Geschrieben von Daniela Herzberg, die Leserinnen und Leser schon von ihrer kleinen Dackelgeschichte „A wie Alles“ her kennen. Die Autorin lebt in Hamburg und auch in Schleswig-Holstein. Und dort handelt auch ihre Erzählung, und zwar ganz oben, in einem Dorf bei Kappeln, das bis 2006 auch Garnisonsstadt war, bis der hier gelegene Marinestützpunkt Olpenitz geschlossen wurde.
Für deutsche Kleinstädte sind solche Militärstützpunkte oft ein wichtiger Wirtschaftszweig. Wie sehr das Gewerbe in der Stadt von den Soldaten lebt, merkt man meist erst, wenn diese verschwunden sind.

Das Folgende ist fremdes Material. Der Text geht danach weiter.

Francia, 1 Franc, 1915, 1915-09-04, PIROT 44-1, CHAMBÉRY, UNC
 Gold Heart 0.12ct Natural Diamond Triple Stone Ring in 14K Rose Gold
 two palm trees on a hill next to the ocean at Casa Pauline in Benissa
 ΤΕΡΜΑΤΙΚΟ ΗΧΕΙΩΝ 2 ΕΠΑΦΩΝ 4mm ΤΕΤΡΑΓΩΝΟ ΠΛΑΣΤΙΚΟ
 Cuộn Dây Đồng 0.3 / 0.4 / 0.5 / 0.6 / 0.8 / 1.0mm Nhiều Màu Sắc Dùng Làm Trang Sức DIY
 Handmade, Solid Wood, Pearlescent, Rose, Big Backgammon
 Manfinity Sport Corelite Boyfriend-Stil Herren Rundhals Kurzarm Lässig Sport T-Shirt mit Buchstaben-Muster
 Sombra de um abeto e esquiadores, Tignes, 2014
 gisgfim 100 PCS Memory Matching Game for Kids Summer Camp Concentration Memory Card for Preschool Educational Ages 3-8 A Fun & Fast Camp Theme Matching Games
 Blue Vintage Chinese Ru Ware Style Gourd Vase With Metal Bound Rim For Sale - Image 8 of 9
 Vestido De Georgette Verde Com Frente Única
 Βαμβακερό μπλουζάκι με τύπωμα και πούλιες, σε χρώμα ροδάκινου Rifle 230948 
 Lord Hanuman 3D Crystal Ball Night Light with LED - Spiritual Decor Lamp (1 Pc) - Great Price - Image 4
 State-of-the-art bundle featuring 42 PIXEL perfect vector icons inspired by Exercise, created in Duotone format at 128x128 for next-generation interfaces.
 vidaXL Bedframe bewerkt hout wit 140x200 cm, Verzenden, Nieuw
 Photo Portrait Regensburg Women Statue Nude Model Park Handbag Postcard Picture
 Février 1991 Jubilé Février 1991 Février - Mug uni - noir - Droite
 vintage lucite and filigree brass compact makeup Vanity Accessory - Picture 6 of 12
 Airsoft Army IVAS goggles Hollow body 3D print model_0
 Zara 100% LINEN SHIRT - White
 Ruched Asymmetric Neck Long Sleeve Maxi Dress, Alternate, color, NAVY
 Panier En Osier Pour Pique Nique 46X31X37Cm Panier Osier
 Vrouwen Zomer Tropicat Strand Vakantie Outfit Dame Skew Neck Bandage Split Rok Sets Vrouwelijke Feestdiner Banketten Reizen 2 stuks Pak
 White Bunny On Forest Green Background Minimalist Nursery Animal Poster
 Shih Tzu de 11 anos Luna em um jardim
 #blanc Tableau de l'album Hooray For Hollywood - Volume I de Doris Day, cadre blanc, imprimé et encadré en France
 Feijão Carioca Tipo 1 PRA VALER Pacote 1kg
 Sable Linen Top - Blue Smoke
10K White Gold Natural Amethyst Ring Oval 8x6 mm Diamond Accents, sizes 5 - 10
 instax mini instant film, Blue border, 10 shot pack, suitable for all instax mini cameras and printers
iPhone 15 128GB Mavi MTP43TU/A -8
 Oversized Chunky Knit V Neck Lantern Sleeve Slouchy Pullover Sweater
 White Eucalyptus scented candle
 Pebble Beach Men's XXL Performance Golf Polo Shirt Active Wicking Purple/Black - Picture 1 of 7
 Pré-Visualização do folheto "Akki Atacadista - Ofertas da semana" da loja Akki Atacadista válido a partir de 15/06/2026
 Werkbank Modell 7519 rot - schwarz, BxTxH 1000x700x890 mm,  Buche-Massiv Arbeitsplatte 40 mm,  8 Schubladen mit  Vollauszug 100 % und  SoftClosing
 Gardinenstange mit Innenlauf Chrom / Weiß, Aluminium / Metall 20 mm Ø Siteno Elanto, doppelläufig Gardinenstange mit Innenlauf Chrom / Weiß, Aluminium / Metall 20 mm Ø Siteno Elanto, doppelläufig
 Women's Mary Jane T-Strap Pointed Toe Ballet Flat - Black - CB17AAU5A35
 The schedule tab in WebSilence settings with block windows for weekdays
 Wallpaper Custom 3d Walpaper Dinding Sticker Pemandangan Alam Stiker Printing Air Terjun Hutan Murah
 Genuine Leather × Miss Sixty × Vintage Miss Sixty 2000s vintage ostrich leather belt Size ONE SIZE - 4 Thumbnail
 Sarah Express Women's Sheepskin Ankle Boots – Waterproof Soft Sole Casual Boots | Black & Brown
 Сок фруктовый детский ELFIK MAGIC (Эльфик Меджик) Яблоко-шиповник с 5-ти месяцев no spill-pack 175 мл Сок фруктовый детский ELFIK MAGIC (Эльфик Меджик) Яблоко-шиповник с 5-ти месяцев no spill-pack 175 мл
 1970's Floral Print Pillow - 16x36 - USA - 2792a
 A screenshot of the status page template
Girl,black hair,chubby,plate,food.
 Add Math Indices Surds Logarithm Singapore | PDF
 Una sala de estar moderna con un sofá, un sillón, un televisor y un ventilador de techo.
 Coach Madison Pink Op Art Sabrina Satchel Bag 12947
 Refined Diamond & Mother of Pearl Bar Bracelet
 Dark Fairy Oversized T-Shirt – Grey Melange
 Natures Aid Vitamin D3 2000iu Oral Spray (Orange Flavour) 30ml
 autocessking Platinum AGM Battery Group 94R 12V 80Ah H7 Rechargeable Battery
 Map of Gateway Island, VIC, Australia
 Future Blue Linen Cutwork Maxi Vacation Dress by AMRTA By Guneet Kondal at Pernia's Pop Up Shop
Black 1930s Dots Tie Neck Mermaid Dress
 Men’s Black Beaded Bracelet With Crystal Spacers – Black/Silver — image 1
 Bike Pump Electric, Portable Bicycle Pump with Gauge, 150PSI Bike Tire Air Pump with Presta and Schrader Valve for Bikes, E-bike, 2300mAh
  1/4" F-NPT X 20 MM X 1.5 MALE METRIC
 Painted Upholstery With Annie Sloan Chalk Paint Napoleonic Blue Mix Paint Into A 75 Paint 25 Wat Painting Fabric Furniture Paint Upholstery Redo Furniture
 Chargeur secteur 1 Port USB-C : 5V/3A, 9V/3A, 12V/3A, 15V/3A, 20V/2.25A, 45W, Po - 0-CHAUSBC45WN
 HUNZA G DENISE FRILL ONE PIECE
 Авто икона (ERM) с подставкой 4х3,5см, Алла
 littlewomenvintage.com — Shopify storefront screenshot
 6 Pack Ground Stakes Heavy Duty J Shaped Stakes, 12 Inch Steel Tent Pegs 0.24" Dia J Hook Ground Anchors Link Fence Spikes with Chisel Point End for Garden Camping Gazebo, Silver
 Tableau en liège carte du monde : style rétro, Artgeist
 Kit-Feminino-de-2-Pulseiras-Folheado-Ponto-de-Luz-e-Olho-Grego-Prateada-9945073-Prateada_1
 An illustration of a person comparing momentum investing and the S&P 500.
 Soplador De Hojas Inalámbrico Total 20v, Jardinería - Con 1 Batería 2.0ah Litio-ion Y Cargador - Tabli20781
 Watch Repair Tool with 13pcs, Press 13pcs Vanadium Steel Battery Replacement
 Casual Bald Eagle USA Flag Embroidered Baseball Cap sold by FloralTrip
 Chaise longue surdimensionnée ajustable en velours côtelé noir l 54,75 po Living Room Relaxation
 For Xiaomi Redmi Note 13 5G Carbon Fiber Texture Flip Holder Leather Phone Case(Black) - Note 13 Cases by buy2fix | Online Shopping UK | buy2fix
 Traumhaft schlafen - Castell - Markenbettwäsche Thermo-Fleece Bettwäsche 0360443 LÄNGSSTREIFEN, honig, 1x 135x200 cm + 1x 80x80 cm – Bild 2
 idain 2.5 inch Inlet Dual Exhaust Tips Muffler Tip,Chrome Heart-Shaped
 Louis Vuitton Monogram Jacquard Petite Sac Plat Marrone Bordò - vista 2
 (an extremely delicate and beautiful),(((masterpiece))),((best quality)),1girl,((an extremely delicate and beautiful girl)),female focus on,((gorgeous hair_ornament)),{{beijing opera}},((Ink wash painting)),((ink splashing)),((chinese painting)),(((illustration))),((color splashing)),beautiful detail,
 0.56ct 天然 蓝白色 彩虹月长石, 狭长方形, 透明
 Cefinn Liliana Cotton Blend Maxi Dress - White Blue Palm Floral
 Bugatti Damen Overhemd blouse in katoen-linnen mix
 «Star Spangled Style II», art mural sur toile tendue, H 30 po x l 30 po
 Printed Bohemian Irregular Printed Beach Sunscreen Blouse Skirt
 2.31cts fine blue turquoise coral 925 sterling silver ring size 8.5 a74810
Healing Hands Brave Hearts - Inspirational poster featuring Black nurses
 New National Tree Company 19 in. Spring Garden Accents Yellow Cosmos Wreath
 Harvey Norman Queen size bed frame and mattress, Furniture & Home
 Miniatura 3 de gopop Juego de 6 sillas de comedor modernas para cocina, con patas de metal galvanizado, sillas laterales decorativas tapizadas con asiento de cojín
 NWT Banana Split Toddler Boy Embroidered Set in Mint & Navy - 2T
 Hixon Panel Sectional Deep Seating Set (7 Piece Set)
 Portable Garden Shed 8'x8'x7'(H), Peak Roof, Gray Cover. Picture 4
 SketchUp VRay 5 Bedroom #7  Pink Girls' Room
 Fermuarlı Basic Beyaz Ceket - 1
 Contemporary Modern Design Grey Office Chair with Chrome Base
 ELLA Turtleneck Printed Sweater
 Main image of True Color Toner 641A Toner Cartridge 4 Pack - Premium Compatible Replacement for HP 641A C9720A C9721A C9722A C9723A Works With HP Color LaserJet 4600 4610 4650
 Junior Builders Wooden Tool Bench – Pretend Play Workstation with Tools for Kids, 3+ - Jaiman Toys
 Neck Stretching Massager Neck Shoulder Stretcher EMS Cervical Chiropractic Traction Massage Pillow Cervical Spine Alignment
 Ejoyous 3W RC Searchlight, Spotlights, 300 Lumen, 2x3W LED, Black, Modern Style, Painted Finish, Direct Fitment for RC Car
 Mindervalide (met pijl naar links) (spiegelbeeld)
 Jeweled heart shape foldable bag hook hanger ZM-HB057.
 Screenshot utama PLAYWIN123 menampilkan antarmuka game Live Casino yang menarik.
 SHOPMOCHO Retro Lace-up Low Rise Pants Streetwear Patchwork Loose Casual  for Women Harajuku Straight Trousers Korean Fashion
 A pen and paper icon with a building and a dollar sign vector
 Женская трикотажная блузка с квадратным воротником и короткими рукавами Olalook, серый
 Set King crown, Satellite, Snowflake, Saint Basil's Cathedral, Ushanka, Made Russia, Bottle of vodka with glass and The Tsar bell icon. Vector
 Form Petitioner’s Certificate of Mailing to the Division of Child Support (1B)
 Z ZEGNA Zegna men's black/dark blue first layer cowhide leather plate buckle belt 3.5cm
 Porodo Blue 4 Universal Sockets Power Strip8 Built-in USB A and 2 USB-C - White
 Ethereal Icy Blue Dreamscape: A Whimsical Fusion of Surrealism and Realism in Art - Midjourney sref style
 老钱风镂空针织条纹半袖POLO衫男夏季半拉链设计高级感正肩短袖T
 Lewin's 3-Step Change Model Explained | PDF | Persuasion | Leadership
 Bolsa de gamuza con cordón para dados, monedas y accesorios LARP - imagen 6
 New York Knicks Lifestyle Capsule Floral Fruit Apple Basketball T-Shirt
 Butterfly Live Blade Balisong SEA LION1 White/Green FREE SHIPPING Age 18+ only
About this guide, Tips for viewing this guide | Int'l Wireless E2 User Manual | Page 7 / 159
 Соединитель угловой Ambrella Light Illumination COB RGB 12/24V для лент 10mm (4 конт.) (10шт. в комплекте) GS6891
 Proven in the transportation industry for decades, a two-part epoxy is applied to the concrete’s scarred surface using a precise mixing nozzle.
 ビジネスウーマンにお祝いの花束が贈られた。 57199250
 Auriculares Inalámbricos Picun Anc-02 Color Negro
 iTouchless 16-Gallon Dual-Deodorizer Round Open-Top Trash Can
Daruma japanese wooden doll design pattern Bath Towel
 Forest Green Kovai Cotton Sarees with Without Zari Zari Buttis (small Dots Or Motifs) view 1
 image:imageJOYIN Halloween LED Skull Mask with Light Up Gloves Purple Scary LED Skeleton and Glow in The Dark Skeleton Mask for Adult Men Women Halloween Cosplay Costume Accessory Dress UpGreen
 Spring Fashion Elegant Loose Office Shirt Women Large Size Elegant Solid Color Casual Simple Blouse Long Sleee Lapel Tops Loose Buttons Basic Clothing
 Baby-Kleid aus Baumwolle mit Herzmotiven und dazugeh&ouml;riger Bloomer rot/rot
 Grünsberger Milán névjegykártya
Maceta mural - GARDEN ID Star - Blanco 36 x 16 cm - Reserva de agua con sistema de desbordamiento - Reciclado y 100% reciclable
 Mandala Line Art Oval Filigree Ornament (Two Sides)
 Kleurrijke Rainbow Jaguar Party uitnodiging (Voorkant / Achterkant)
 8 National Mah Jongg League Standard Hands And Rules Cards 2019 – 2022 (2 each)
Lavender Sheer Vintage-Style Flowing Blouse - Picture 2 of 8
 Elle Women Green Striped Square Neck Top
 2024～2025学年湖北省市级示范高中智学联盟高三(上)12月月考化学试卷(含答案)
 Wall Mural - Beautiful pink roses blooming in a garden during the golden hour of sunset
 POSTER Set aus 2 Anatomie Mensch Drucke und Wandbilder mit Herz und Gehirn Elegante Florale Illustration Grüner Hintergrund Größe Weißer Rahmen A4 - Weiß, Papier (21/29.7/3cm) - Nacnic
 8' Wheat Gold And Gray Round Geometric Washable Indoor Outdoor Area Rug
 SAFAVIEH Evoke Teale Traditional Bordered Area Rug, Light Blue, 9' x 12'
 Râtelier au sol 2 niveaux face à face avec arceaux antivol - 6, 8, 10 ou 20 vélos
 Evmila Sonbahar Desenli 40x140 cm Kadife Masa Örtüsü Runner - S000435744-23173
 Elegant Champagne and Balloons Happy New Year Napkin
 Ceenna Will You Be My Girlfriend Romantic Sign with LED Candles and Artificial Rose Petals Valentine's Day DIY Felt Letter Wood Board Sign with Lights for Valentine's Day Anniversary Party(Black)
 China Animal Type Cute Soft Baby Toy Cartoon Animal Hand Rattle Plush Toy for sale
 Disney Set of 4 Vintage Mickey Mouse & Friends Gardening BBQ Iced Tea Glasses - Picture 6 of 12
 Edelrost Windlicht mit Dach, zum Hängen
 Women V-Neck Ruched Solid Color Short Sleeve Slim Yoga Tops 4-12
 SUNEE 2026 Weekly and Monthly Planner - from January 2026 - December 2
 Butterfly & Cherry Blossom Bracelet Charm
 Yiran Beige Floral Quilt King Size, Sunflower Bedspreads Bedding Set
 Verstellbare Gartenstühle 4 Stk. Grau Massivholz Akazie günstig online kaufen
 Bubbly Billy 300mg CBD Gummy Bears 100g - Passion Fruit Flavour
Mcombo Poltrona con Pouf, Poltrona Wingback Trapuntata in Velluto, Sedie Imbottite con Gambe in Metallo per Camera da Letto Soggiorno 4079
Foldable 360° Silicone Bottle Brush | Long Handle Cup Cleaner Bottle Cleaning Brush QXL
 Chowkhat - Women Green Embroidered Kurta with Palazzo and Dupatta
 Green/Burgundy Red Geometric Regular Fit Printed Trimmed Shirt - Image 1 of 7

Aber das spielt in Herzbergs Geschichte nur ganz am Rande eine Rolle, obwohl es natürlich eine Rolle spielt. Denn vom Funktionieren der Stadt hängen dann auch wieder die Dörfer und Gewerbetreibenden ringsum ab. Auch sie spüren es, wenn die Nachfrage zurückgeht. Dann beginnt das Unbehagen zu nagen und die Stimmung zu kippen. Und dann passiert oft genug das, was man beim Lesen eigentlich eher in einem Nest irgendwo in Ostdeutschland verorten würde.
Ein Trugschluss
Aber das ist einer der Trugschlüsse unserer Gegenwart, dass das etwas mit Himmelsrichtungen zu tun hat. Denn dasselbe Phänomen erleben längst auch Dörfer in den west-, süd- und norddeutschen Provinzen. Davon erzählen ja unter anderem auch die teilweise völlig entgleisenden Bauerndemos des Winters. Und in ihrer Erzählung schildert Daniela Herzberg, wie das passiert.
Zwar noch ohne Bauerndemo. Aber es genügt Weniges, um aus einem labilen Gleichgewicht in so einem Dorf binnen weniger Tage eine aufgeheizte Stimmung entstehen zu lassen, in der sich der Erzähler Simon auf einmal in der Rolle des gejagten Wildes wiederfindet.
Nicht ganz unschuldig an der Situation, denn dass er im Dorf eigentlich ein Fremdkörper geblieben ist und einfach den richtigen Zeitpunkt verpasst hat, diesen verkrusteten Flecken Erde zu verlassen, wird ziemlich schnell klar. Und dass er sich für seinen im Funzellicht geschriebenen Brief dann auch noch den falschen Adressaten ausgesucht hat, wird auch ziemlich schnell deutlich.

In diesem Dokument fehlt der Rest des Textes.